Our hope for you is unshaken, for we know that as you share in our sufferings, you will also share in our comfort.
Tribulation teach us concerning our sin.
Remember Job, his latter end was more than his beginning.
There was a man in the land of Uz whose name was Job, and that man was blameless and upright, one who feared God and turned away from evil.
"Patience," Paul goes on, "produces character." Greeks used the word character to describe the process metal endured to purge its impurity. In the world of coinage, it was called sterling. When tribulation tangles with endurance, a man emerges stronger, purer, and better, and nearer God out of the battle.
You have dealt well with your servant, O Lord, according to your word.
Teach me good judgment and knowledge, for I believe in your commandments.
Before I was afflicted I went astray, but now I keep your word.
It is good for me that I was afflicted, that I might learn your statutes.
PRAYER DEVOTED
PRAYER DEVOTED
The word for devoted means to be instant and constant. It is illustrated by hounds that do not give up until their game is found.
Paul to the Thessalonians to
pray without ceasing,
Without ceasing is illustrated by a nagging cough that want subside. The idea of constancy.
This is not a type of praying. It is the only way to pray and Jesus gives us the reason why.
And he told them a parable to the effect that they ought always to pray and not lose heart.

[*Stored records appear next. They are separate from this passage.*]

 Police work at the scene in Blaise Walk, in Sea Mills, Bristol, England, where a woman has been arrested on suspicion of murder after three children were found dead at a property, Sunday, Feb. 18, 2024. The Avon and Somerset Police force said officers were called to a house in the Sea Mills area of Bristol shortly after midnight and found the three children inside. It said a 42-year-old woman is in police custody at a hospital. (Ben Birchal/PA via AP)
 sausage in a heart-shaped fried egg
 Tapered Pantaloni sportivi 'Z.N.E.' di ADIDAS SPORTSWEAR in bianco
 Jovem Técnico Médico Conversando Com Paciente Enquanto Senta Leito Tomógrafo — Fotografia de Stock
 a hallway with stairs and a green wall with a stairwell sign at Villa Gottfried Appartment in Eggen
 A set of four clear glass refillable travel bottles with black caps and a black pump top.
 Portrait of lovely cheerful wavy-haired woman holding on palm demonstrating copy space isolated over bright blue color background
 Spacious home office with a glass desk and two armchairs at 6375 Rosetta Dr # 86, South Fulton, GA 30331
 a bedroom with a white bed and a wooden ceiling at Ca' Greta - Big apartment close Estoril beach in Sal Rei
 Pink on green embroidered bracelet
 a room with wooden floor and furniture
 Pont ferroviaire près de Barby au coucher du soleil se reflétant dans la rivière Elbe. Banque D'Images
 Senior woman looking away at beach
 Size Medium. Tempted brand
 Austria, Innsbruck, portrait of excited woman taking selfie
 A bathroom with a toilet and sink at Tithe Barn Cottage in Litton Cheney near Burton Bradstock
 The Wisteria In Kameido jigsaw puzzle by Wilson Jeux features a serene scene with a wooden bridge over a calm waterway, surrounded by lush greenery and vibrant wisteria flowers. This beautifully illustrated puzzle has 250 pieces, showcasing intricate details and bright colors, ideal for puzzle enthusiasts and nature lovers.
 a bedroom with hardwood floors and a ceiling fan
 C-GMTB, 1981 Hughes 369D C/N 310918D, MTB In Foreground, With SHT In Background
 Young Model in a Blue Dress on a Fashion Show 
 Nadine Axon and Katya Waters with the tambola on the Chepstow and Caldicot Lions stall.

Prayer is "A Wartime Walkie-Talkie, Not a Domestic Intercom. Prayer is the walkie-talkie on the battlefield of the world. It calls on God for courage (Ephesians 6:19).
It calls in for troop deployment and target location (Acts 13:1, 2, 3). It calls in for protection and air cover (Matthew 6:13; Luke 21:36).
It calls in for firepower to blast open a way for the Word (Colossians 4:3). It calls in for the miracle of healing for the wounded soldiers (James 5:16). It calls in for supplies for the forces (Matthew 6:11; Philippians 4:6). And it calls in for needed reinforcements (Matthew 9:38).
This is the place of prayer—on the battlefield of the world. It is a wartime walkie-talkie for spiritual warfare, not a domestic intercom to increase the comforts of the saints. And one of the reasons it malfunctions in the hands of so many Christian soldiers is that they have gone AWOL.
D. L. Moody made a visit to a local grade school in to Scotland where he asked this question, What is prayer?
To his amazement, hundreds of children's hands went up. So he decided to call on a lad near the front, who promptly stood up and said,
"Prayer is an offering up of our desires unto God, in the name of Christ, by the help of his Spirit, with confession of our sins, and thankful acknowledgment of his mercies." This is the answer to question #78 in the Westminster Catechism.
To this Moody responded by saying, "Be thankful, son, that you were born in Scotland."
This morning be thankful you were born in a country with an endless supply of Bibles. A Bible with story upon story of the Father’s faithfulness to those devoted to prayer.
You desire and do not have, so you murder. You covet and cannot obtain, so you fight and quarrel. You do not have, because you do not ask.